Jan 2014 to Jun 2014: Served as the aseptic SME at a large sterile medical device manufacturer in Turkey of custom tubing sets, cardioplegia sets, pressure lines, various catheters and cannulas to assist with providing on-floor QA oversight and assist with developing effective non-conformance and CAPA procedures to correct reoccurring deviations. Also, assisted in drafting FD-483 status updates and provide general compliance guidance.

Nov 2011 to Dec 2013: Served as the aseptic processing SME at a large sterile manufacturing site in NC. Duties included working with small workgroups to improve personnel and material flows, instituted a new dedicated gowning practice, making process simulations (media fills) more robust, improve smoke studies for better laminar airflow profiles, proving on-floor MQA oversight and assisted sister sites host FDA inspections by coaching the SMEs. The company received a successful subsequent FDA inspection.

Jun 2007 – Oct 2012: Served as a member of the quality group at a large vaccine manufacturing site in PA. Duties included; assisted quality in providing oversight of the commissioning and qualification activities of the process and critical systems to include CIP/SIP, autoclaves, depyrogenation tunnel, clean utilities and process validation for a new flu filling building (two syringe and one vial filling lines), developed personnel and material flows, assisted with the environmental monitoring performance qualification (EMPQ), coached operators during water simulation runs and media fills and subsequently coached the SMEs during CBERs PAI visits.

oValidation documentation reviewed included; Girton parts washer, Ultrasonic rinse console, Inova vial washer, INOVA depyrogentation tunnel, Bosch syringe debagger, denester, INOVA Syringe Filler, re-nester, Seidenader automated inspection machine and Getinge autoclaves. All PAI inspections were very successful. Also assisted another building in a bulk flu manufacturing PAI readiness activity, and then finally assisted with an isolator filling operation that also received PAI approval.

oPart of this assignment was to also assist preparing their Rockville, MD site for an FDA PAI inspection. Work included similar activities performed at Swiftwater, PA and resulted in an approved PAI.

Jan 2006 – Dec 2006: Served as a member of the quality group to help remediate FD-483 deficiencies a large sustained-release dosage manufacture in south FL. Duties included; assisting in drafting process validation protocols, on-floor MQA and coaching deviation investigation team. Also, assisted regulatory affairs in drafting an FD-483 response and accompanied company management to present our corrective actions to FDA/CDER, located in Rockville, MD. Subsequent FDA inspection only identified minor objectionable conditions.

Sep 2004 – Dec 2006: Worked as an employee of AAC Consulting Group and assisted a sustained-release sterile microsphere manufacturer secure CDER PAI approval. Also worked at Kendle International, AAC’s parent facility, a full-service CRO (clinical research organization).

Food and Drug Administration (Aug 1972 – Aug 2004)

Over 30 years of FDA experience where inspectional activities focused primarily on inspecting pharmaceutical establishments for adherence to FDA regulations. Work included; sterile & non-sterile finished dosage, APIs, manufacturing of clinical trial materials with associated manufacturing and processing systems. Also routinely inspected clinical investigators, sponsor-monitors, Institutional Review Boards and non-clinical (animal) research facilities.

National Drug Expert (Sterile Pharmaceuticals)

Mid-Atlantic Regional Drug Investigator and conducted pharmaceutical inspections within the region as well as served as a trainer at FDA national, regional and district training courses.

Member of FDA’s foreign inspection cadre (1985-2004) conducting for-cause and pre-approval inspections.

District Compliance Officer responsible for reviewing inspection reports and preparing regulatory action recommendations.
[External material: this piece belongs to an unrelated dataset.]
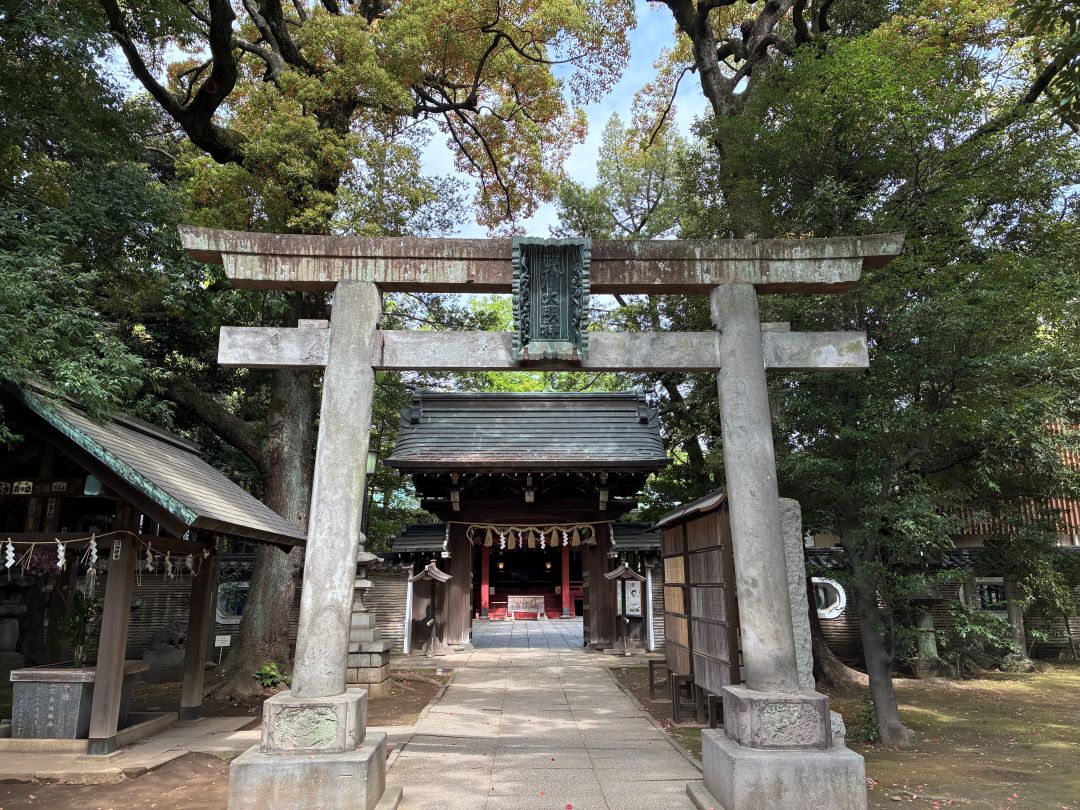 赤坂氷川神社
Supervisory Investigator responsible for the development and work activity of the drug and bioresearch inspection group.

FDA field reviewer on the ISPE Baseline Guide for Commissioning & Qualification.

FORMAL EDUCATION

1991-1992: University of Cincinnati, College of Pharmacy.
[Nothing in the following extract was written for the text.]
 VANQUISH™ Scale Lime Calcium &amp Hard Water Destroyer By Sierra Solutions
Industrial Pharmacy I and II post-graduate studies which focused on process development and scale-up, validation issues for API, solid oral dosage and sterile pharmaceuticals.
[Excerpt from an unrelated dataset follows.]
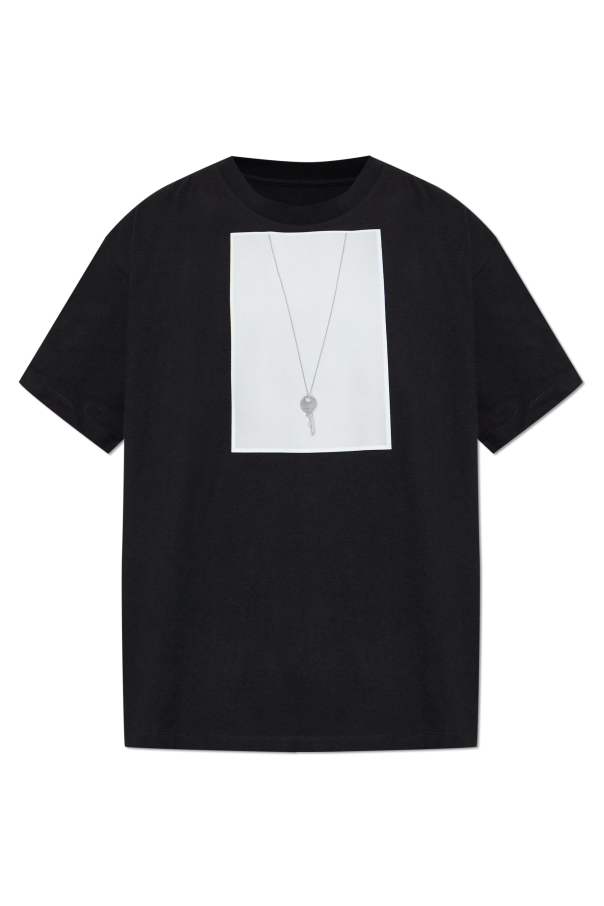MM6 Maison Margiela T-shirt com estampado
1989-1990: Cincinnati State College. Computer Science training.

1972-1980: University of Cincinnati, B.S. Natural Sciences; Major, Chemistry; Minor, Administrative Management.

PRESENTATIONS/PUBLICATIONS

While serving as one of FDA’s Regional Drug Specialists, frequently presented drug-related topics at national, regional and district level training courses for FDA investigators and analysts. Also was regular lecturer to the University of Cincinnati, College of Pharmacy, Industrial Pharmacy Graduate Program. A detailed list of presentations available upon request.

While serving as a Regional Drug Investigator with FDA, I was one of the Agency reviewers on the ISPE – Baseline Guide for Commissioning & Qualification. This Baseline Guideline was recently updated with version 2.

PROFESSIONAL AFFILIATIONS

2013 - Present: Member, Parenteral Drug Association (PDA)

1992 - Present: Member, American Society for Quality (ASQ)

Awarded senior status in March 2003

2004 - Present: Member, Regulatory Affairs Profession Society (RAPS)

2017 – Present: Member, ISPE (Institute of Society of Pharmaceutical Engineers)

CERTIFICATIONS/TRAINING

Dec. 96 - Present: ASQ, Certified Quality Auditor (CQA)

Jun 6, 2014: BPI (Business Processes Inc.) Critical Thinking Training focusing on Investigations, Root Cause Analysis and Critical Thinking

AWARDS/RECOGNITION

August, 2004: During Robert’s FDA retirement luncheon, the Dean of the University of Cincinnati, College of Pharmacy presented Robert with a plaque recognizing his contributions over the previous 10 years to the Industrial Pharmacy Program by providing regulatory compliance training to graduate and Ph.D. candidates. He performed this work on his own personal time.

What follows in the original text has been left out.